**EXERCISE OBJECTIVE**: Below are some entries. Transcribe the lines from the one holding "Bottle Opener - Authentic" to the one holding "Top 2PCS Door", inclusive, but not the pictures among them.

**INFORMATION PROVIDED**:
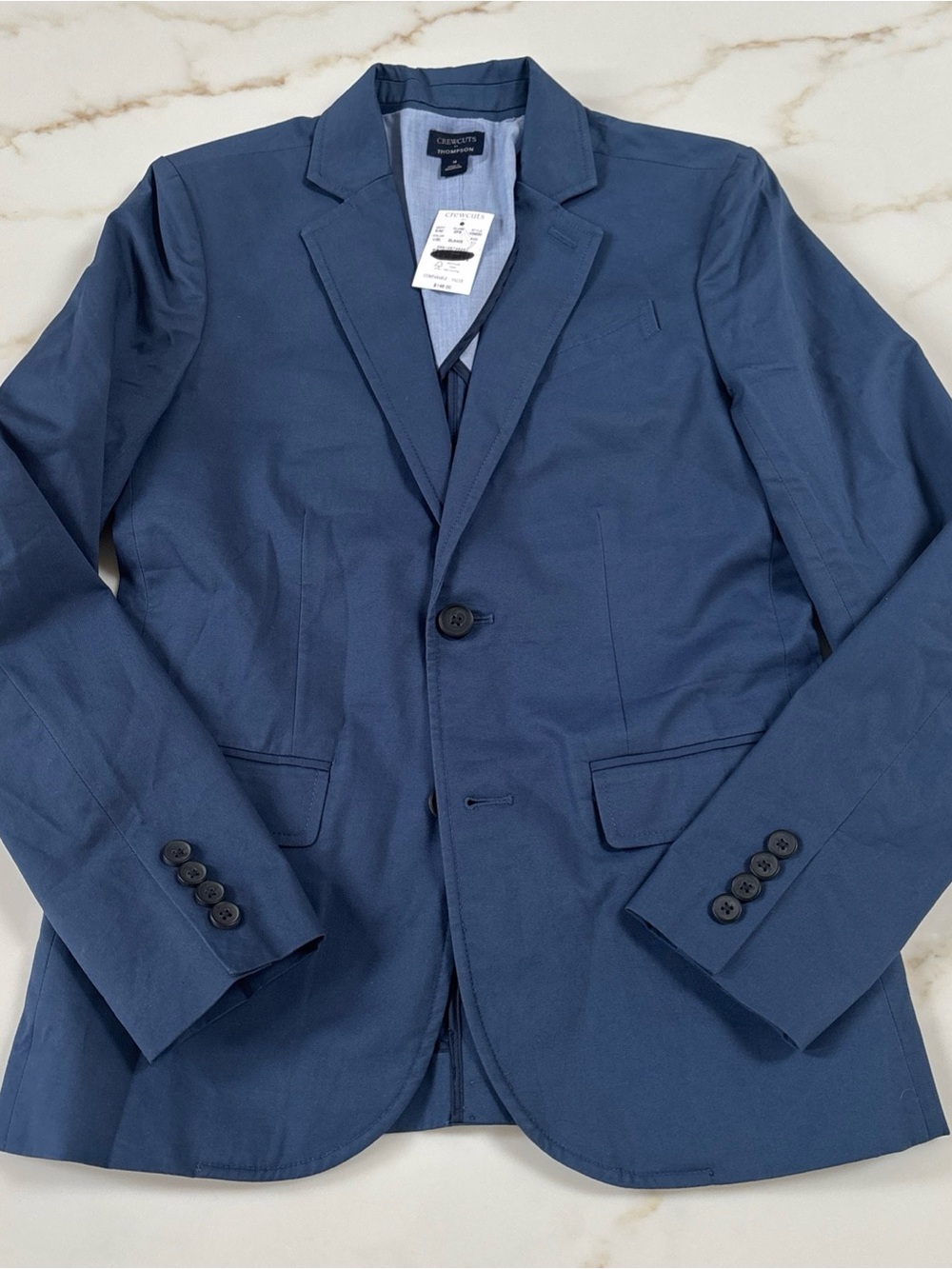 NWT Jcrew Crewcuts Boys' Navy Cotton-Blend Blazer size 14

...

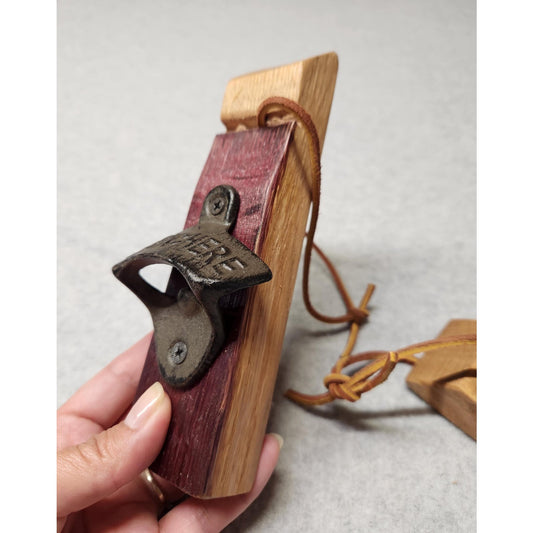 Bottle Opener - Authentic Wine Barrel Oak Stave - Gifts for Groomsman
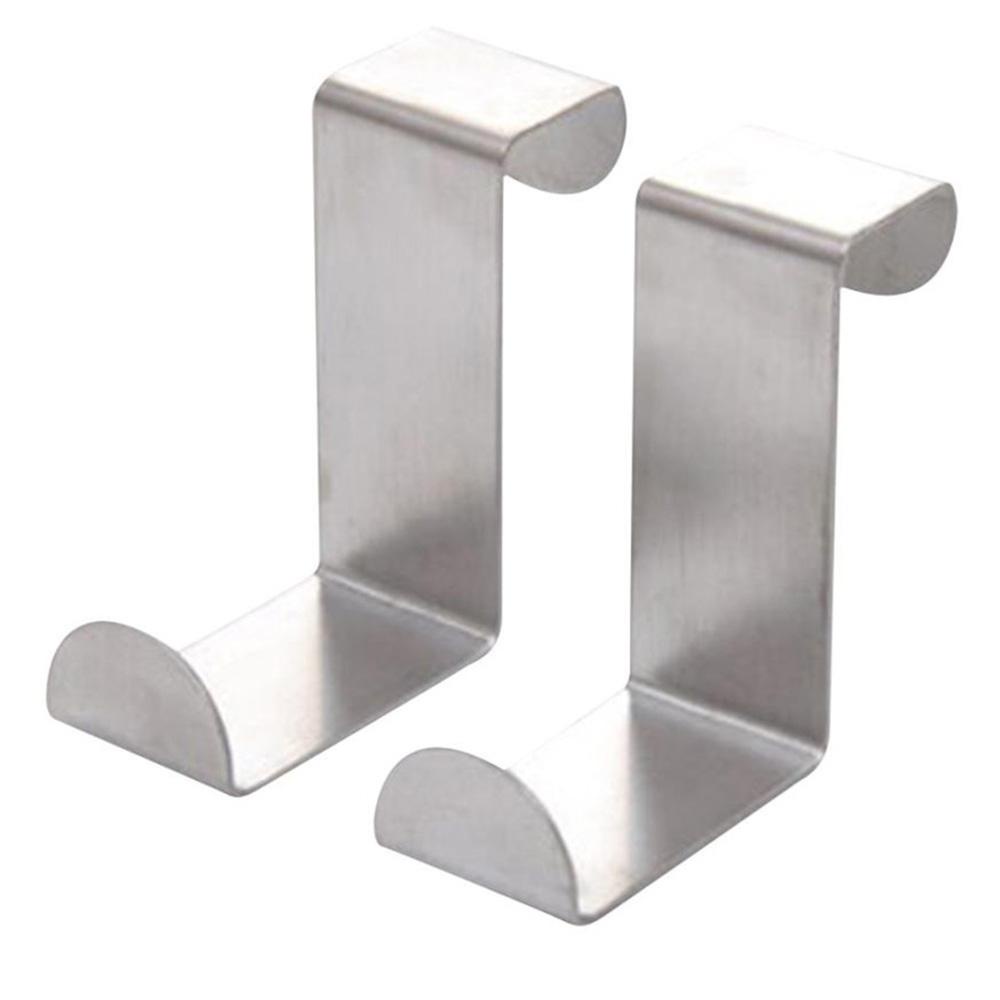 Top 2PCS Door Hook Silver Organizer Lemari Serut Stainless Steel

**EXERCISE SOLUTION**:
 Bottle Opener - Authentic Wine Barrel Oak Stave - Gifts for Groomsman
 Top 2PCS Door Hook Silver Organizer Lemari Serut Stainless Steel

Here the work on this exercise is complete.